- EXERCISE INSTRUCTIONS
Please output the following records exactly. Leave every image out.

[Web page caption snippets]
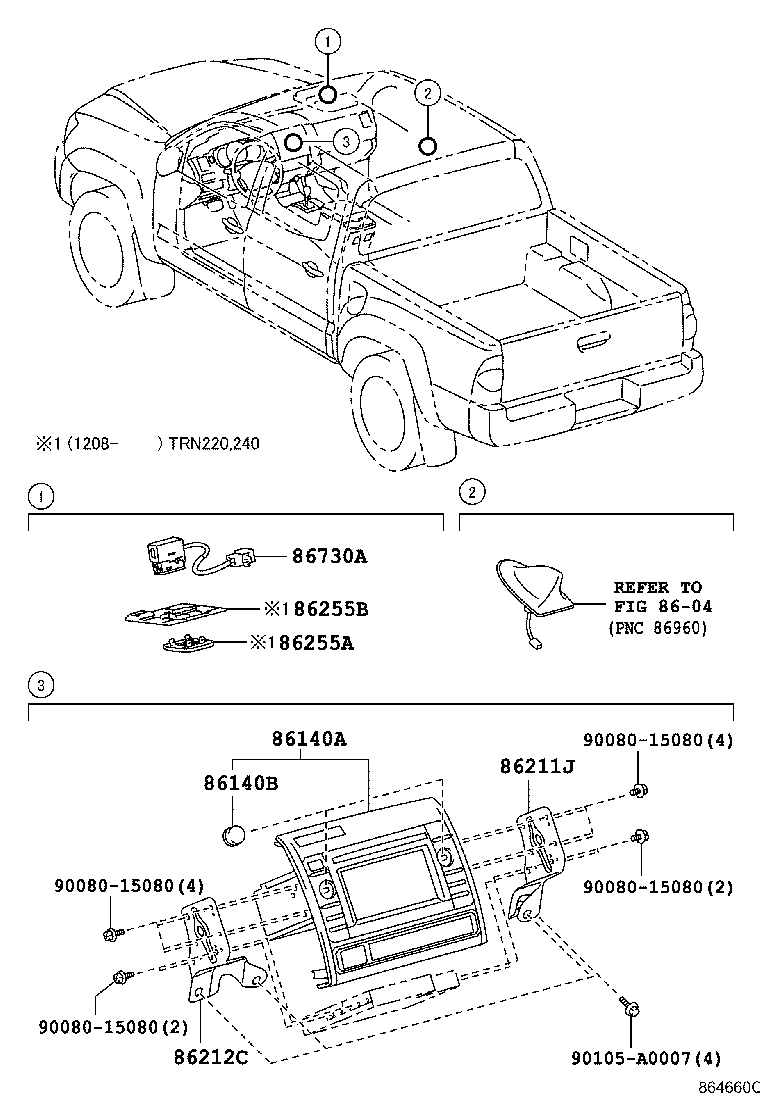 Toyota 86140-04080 RECEIVER ASSY, RADIO & DISPLAY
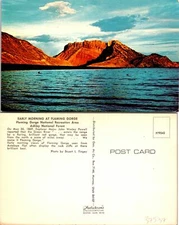 Flaming Gorge Dam UT AShley Ntl Forest Postcard Unused (37537)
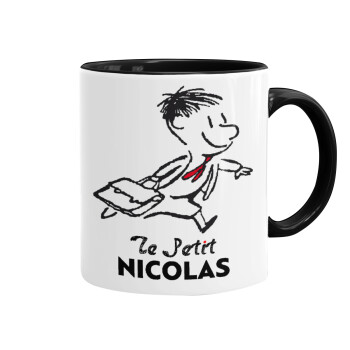 Le Petit Nicolas, Mug colored black, ceramic, 330ml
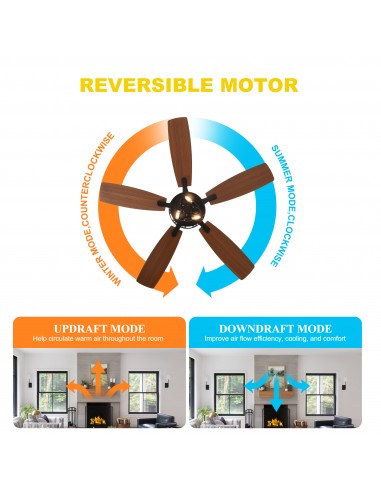 Oaks Aura 52” Modern Ceiling Fan with...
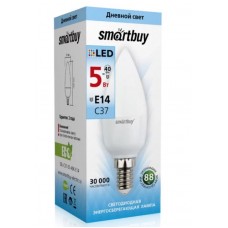 Лампочка C37-05W/4000/E14 smartbuy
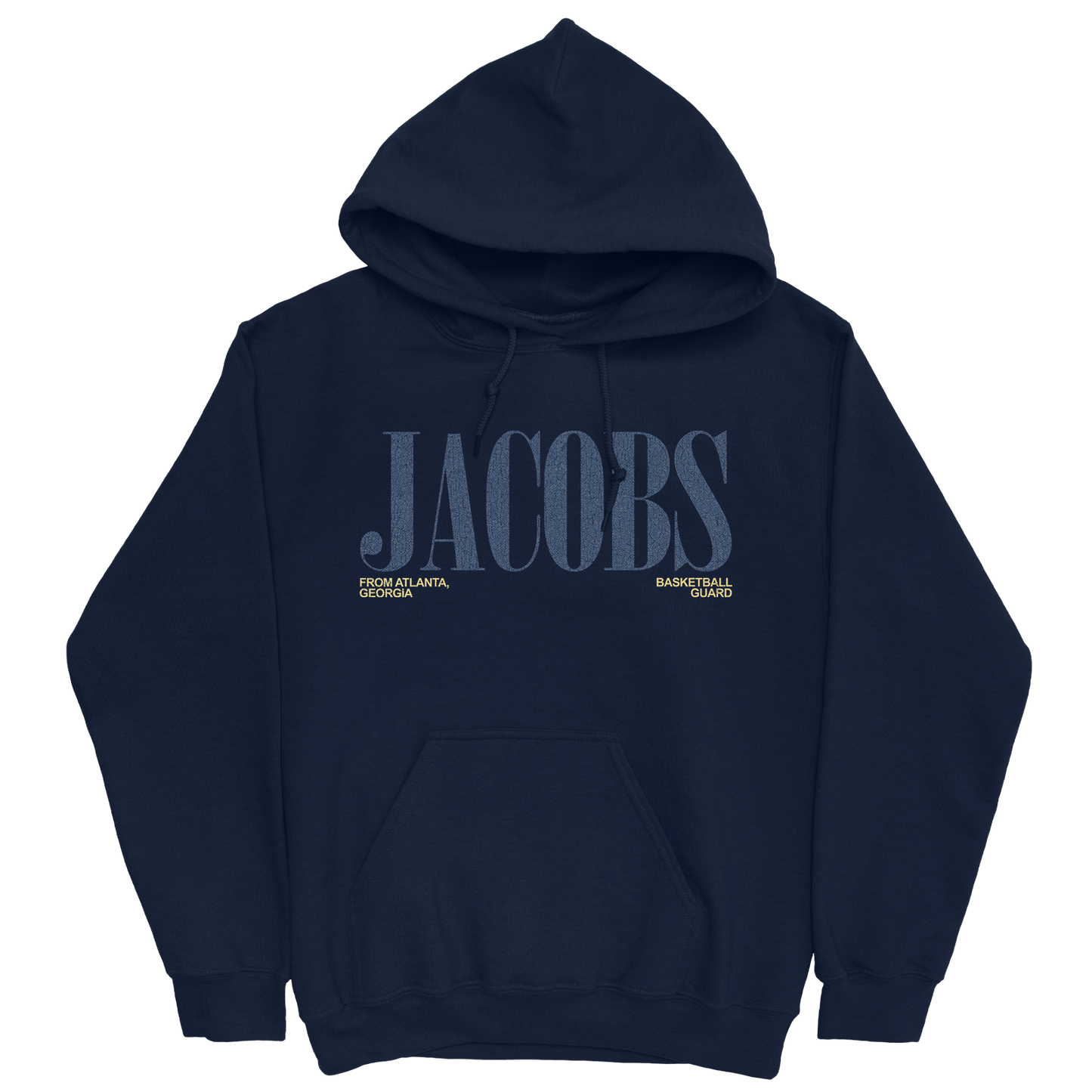 MJ JACOBS CLASSIC NAVY HOODIE
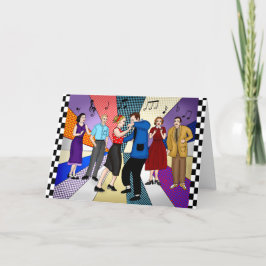 glücklicher Jahrestag | Retro Nostalgic der 50er J Karte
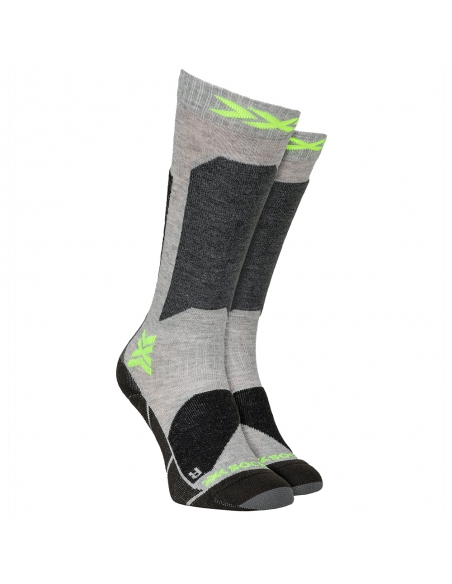 Skarpety narciarskie dziecięce X-Socks SKI Discover OTC Junior Rhino Grey/Canary
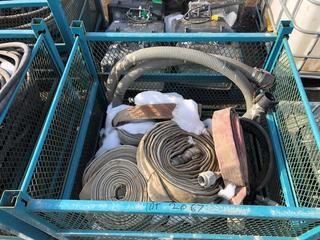 Lot of Assorted 2"-3" Water Discharge Hose.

- EXERCISE ANSWER
 Toyota 86140-04080 RECEIVER ASSY, RADIO & DISPLAY
 Flaming Gorge Dam UT AShley Ntl Forest Postcard Unused (37537)
 Le Petit Nicolas, Mug colored black, ceramic, 330ml
 Oaks Aura 52” Modern Ceiling Fan with...
 Лампочка C37-05W/4000/E14 smartbuy
 MJ JACOBS CLASSIC NAVY HOODIE
 glücklicher Jahrestag | Retro Nostalgic der 50er J Karte
 Skarpety narciarskie dziecięce X-Socks SKI Discover OTC Junior Rhino Grey/Canary
 Lot of Assorted 2"-3" Water Discharge Hose.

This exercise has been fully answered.